◆ Assigned task: Type the listing below out again exactly. No images.

◆ Supplied records:

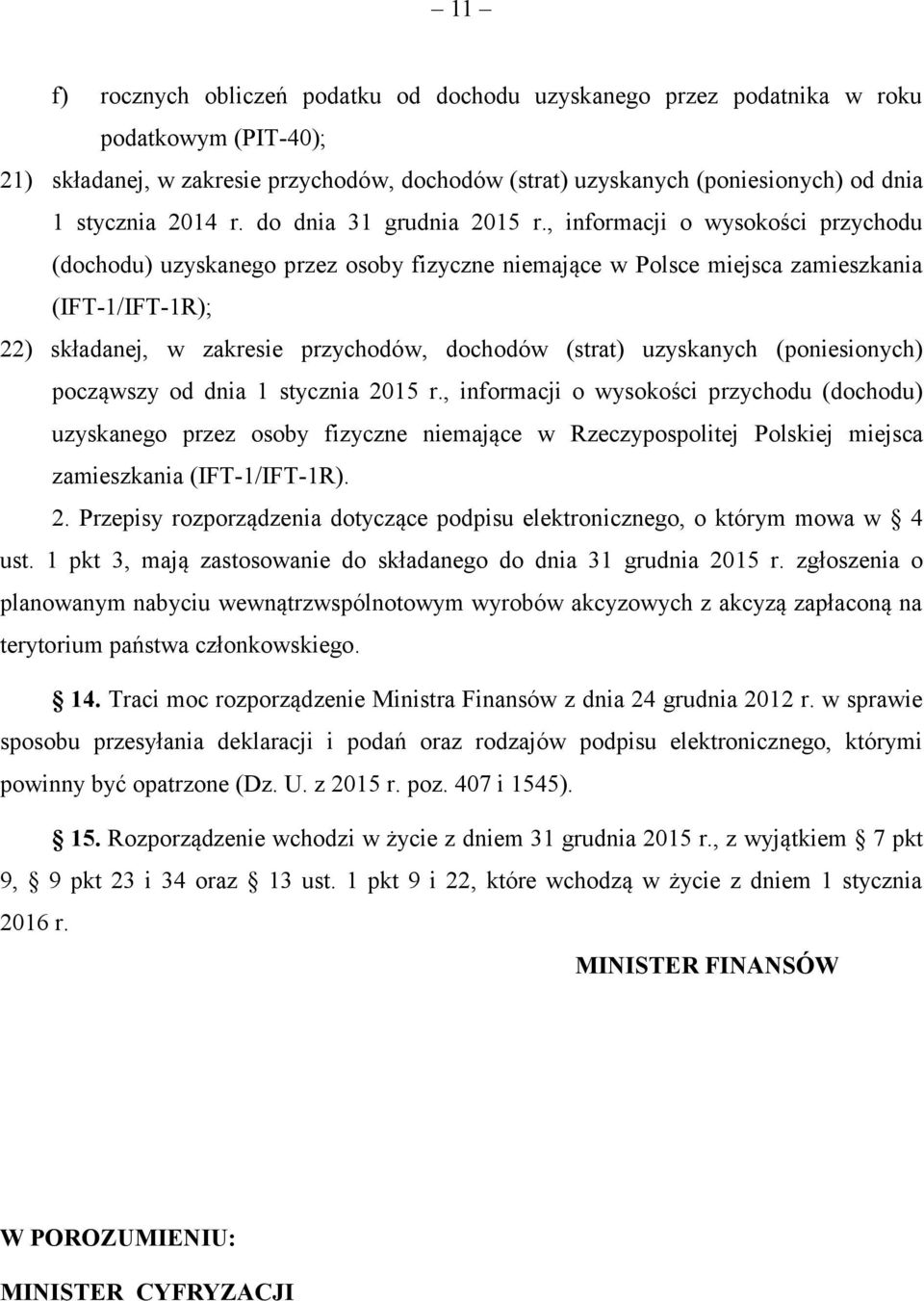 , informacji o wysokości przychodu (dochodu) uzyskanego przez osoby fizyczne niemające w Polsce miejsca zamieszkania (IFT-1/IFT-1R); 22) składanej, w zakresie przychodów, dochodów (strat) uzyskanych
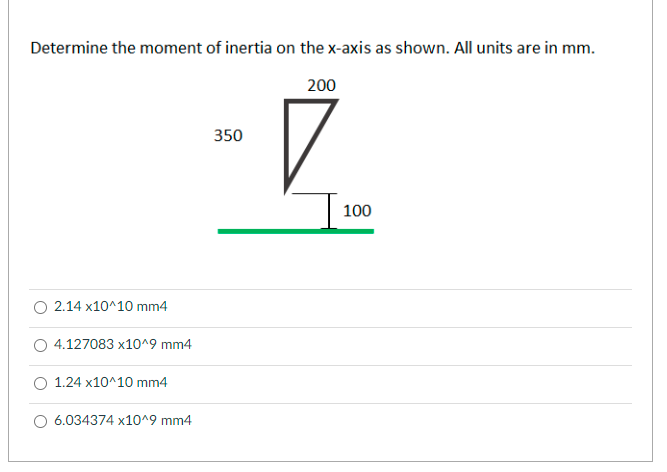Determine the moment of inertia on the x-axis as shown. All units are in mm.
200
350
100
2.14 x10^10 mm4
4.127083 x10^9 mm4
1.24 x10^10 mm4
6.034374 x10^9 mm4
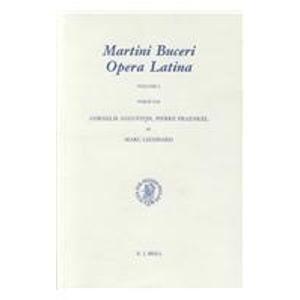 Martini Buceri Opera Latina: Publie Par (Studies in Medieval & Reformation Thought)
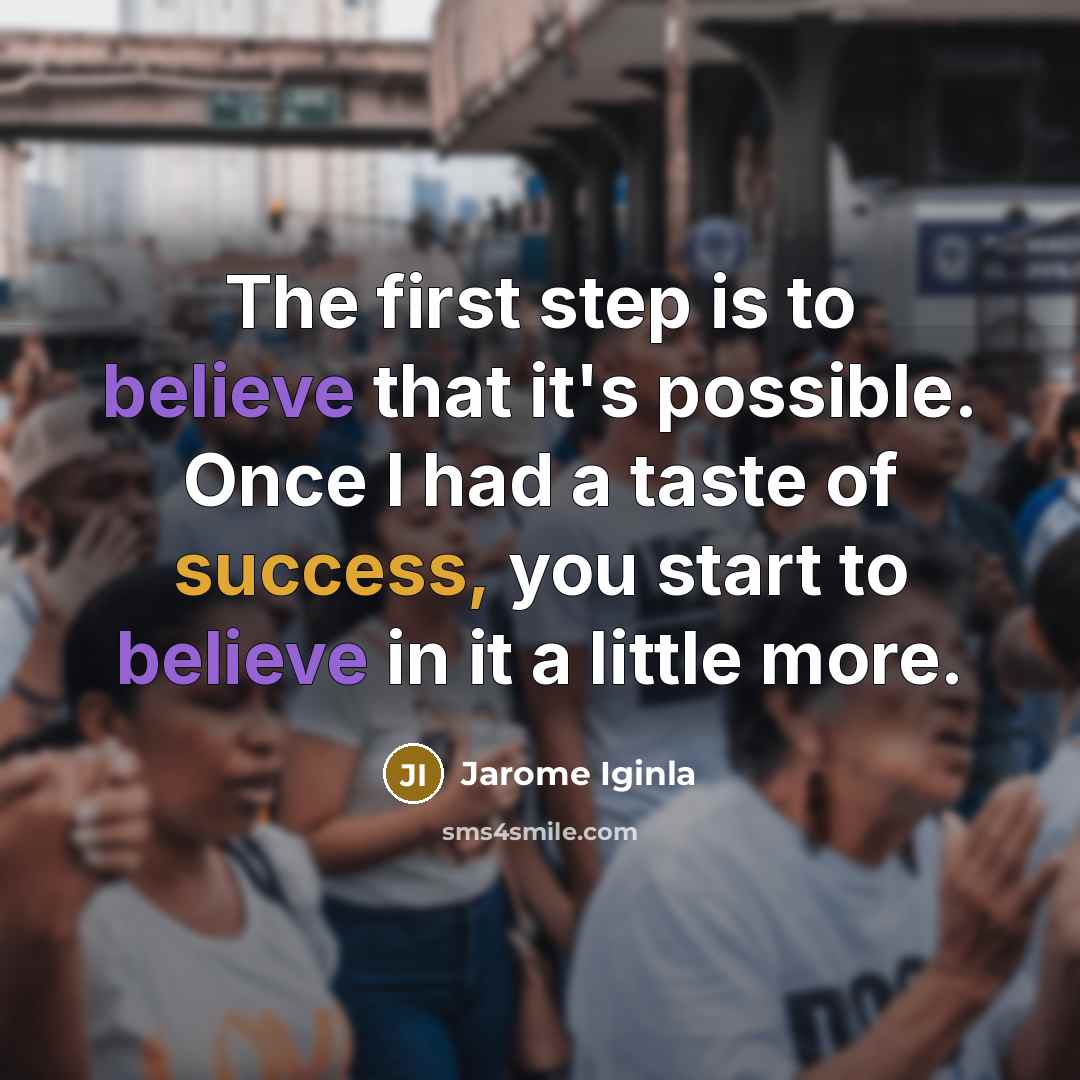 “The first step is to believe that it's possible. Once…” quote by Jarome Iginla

◆ Exercise answer:
 , informacji o wysokości przychodu (dochodu) uzyskanego przez osoby fizyczne niemające w Polsce miejsca zamieszkania (IFT-1/IFT-1R); 22) składanej, w zakresie przychodów, dochodów (strat) uzyskanych
Determine the moment of inertia on the x-axis as shown. All units are in mm.
200
350
100
2.14 x10^10 mm4
4.127083 x10^9 mm4
1.24 x10^10 mm4
6.034374 x10^9 mm4
 Martini Buceri Opera Latina: Publie Par (Studies in Medieval & Reformation Thought)
 “The first step is to believe that it's possible. Once…” quote by Jarome Iginla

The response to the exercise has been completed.